====== Provided data

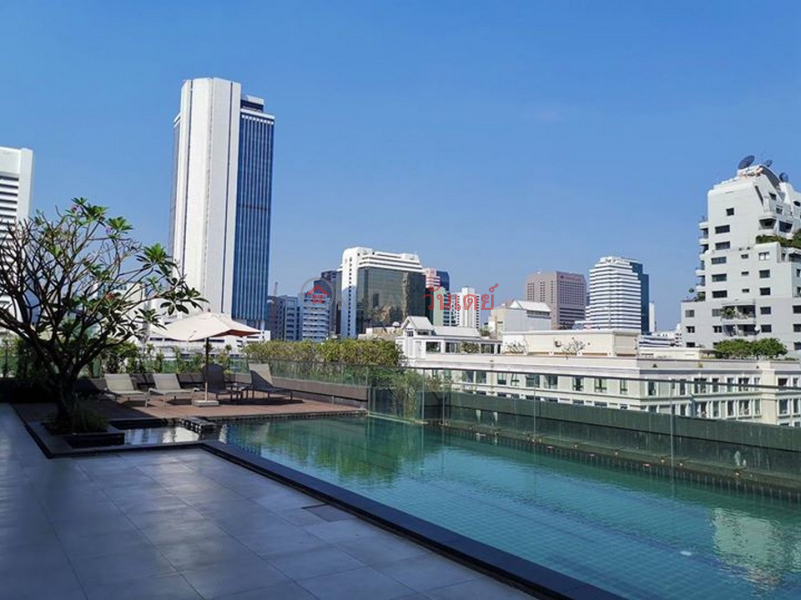 ฿ 23,000/ month Condo for Rent: Collezio Sathorn - Pipat, 44 m², 1 bedroom(s)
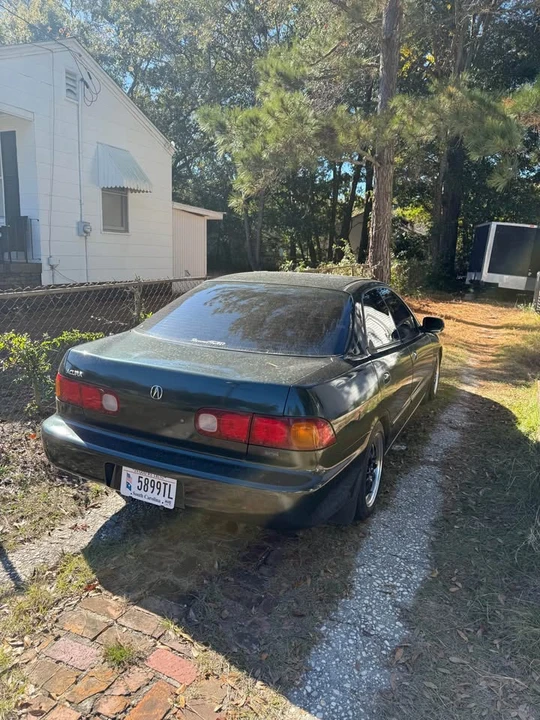 1995 Acura Integra 3rd Gen - Image 3 of 11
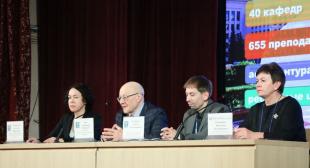 Единый день открытых дверей прошел в БГПУ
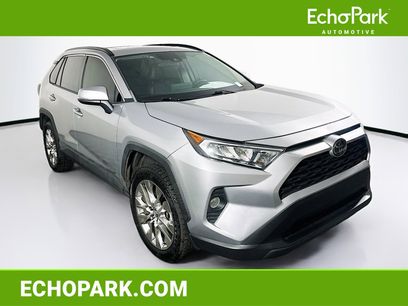 Used 2020 Toyota RAV4 XLE Premium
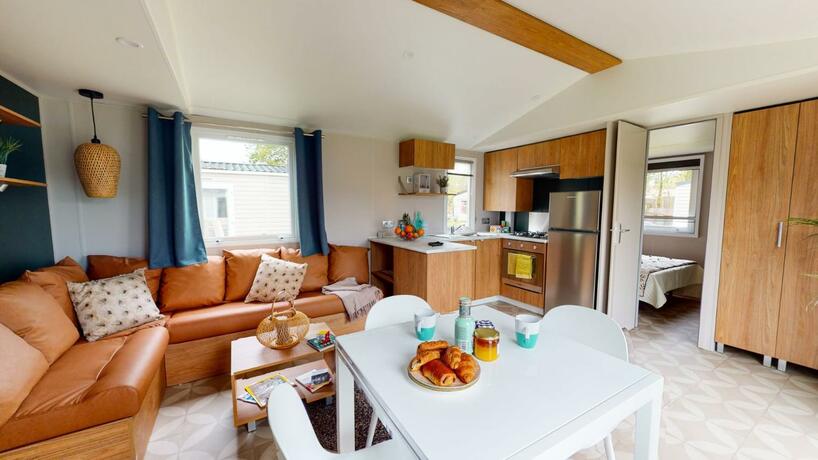 Imagen general del Camping Officiel Siblu Les Viviers. Foto 21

============

* **Prompt**
Starting at the line that contains "Used 2020 Toyota RAV4 XLE Premium", please write out each line through the last line of the data, both ends included, and keep pictures out of the copy.

* **Expected answer**
 Used 2020 Toyota RAV4 XLE Premium
 Imagen general del Camping Officiel Siblu Les Viviers. Foto 21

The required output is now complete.